16879 Campai (provisional designation ') is a stony Witt asteroid and slow rotator from the central region of the asteroid belt, approximately 10 km in diameter. The S-type asteroid was discovered on 24 January 1998, by Italian astronomers Andrea Boattini and Maura Tombelli at the Pistoia Mountains Astronomical Observatory in San Marcello Pistoiese, Tuscany, central Italy. It was named for Italian amateur astronomer Paolo Campai.

== Orbit and classification ==
Campai is a member of the Witt family (535), a large family of (predominantly) stony asteroids with more than 1,600 known members. It orbits the Sun in the central main-belt at a distance of 2.7–2.8 AU once every 4 years and 7 months (1,673 days; semi-major axis of 2.76 AU). Its orbit has an eccentricity of 0.02 and an inclination of 7° with respect to the ecliptic. The first precovery was obtained at Siding Spring Observatory in July 1977, extending the asteroid's observation arc by 22 years prior to its discovery.

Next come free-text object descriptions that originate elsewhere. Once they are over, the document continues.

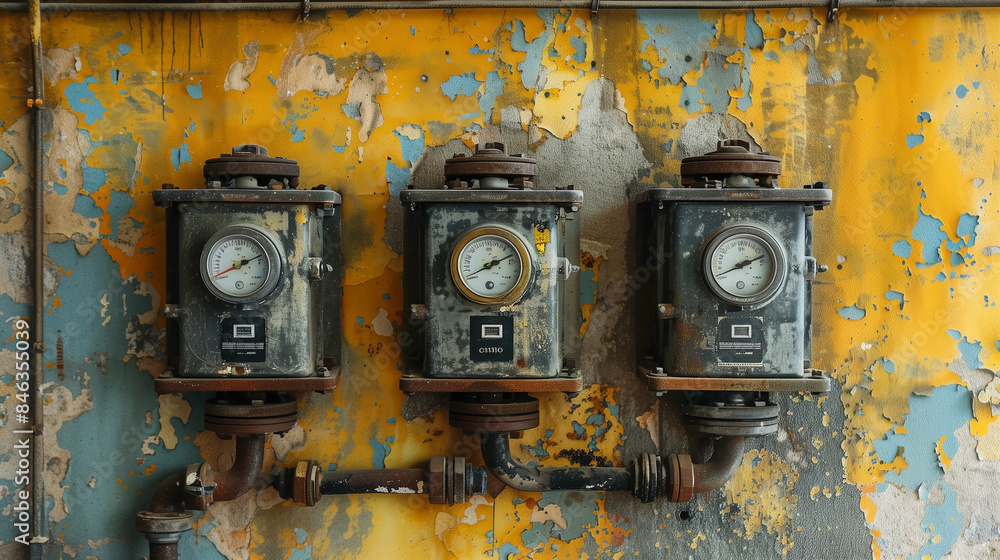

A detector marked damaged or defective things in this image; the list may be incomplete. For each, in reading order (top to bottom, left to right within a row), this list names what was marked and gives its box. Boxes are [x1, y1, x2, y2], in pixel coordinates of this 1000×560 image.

rusty flange [201, 143, 298, 189]
rusty metal cap [201, 144, 298, 190]
rusty metal cap [444, 142, 540, 190]
rusty flange [446, 142, 540, 190]
rusty flange [680, 139, 780, 187]
rusty metal cap [680, 139, 780, 187]
rusty flange [203, 392, 296, 436]
rusty flange [448, 394, 540, 434]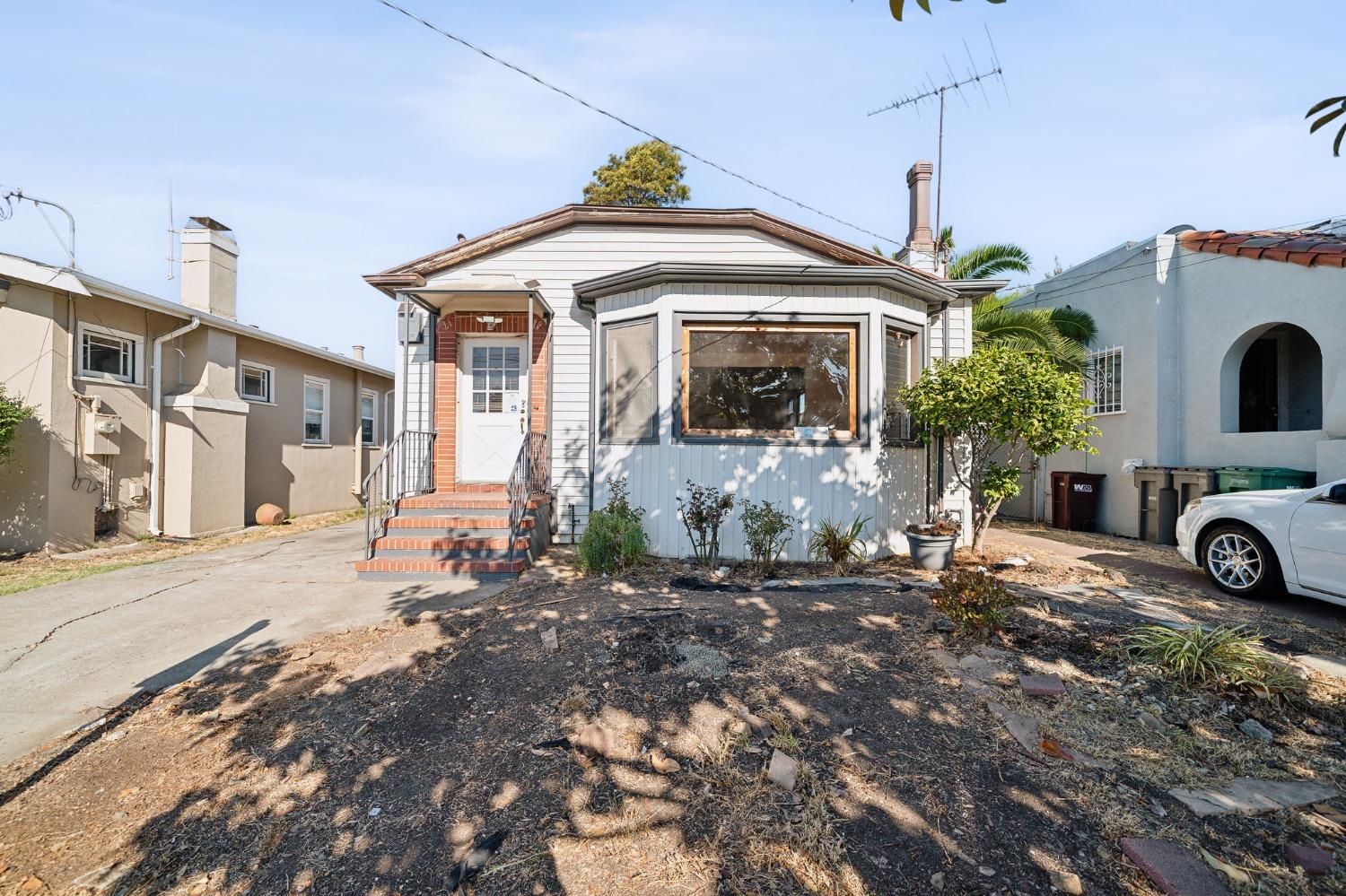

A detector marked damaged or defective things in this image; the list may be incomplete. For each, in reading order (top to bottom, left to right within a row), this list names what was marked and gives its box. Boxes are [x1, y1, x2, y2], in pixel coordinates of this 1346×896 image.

cracked pavement [0, 524, 506, 768]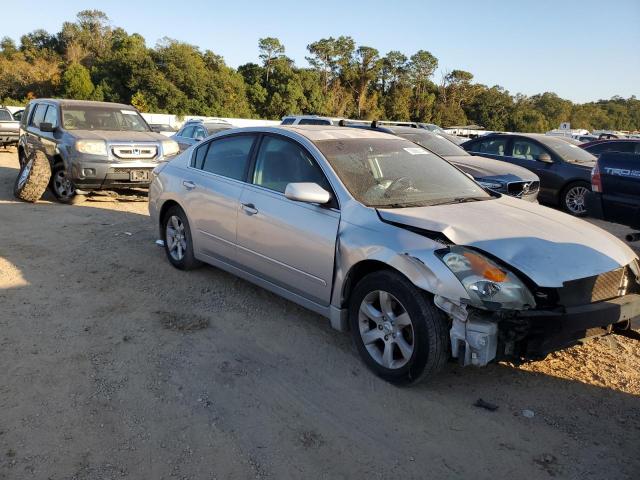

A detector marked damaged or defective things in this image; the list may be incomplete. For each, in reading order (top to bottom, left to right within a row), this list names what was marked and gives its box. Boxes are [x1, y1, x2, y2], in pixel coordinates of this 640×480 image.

== Physical characteristics ==
Campai has been characterized as a common, stony S-type asteroid, in line with the overall spectral type for members of the Witt family.

=== Slow rotator ===
In October 2010, a rotational lightcurve of Campai was obtained from photometric observations made at the Palomar Transient Factory in California. It rendered an exceptionally long period of 314.2468±4.9149 hours with a brightness amplitude of 0.68 magnitude (U=2). While the result is based on less than full coverage, and may be refined by future observations, Campai is one of the slowest rotating asteroids known to exist.

=== Diameter and albedo ===
The Collaborative Asteroid Lightcurve Link calculates a diameter of 10.5 kilometers with an absolute magnitude of 13.6 and an assumed standard albedo for a carbonaceous asteroid of 0.057.

== Naming ==
This minor planet was named for Italian amateur astronomer Paolo Campai (born 1957) from Florence, who is specialized in teaching and astrophotography. Both discoverers made his acquaintance near Florence on a night in 1985, while observing comet 1P/Halley and α Phoenicis. The approved naming citation was published by the Minor Planet Center on 6 August 2003 (M.P.C. 49281).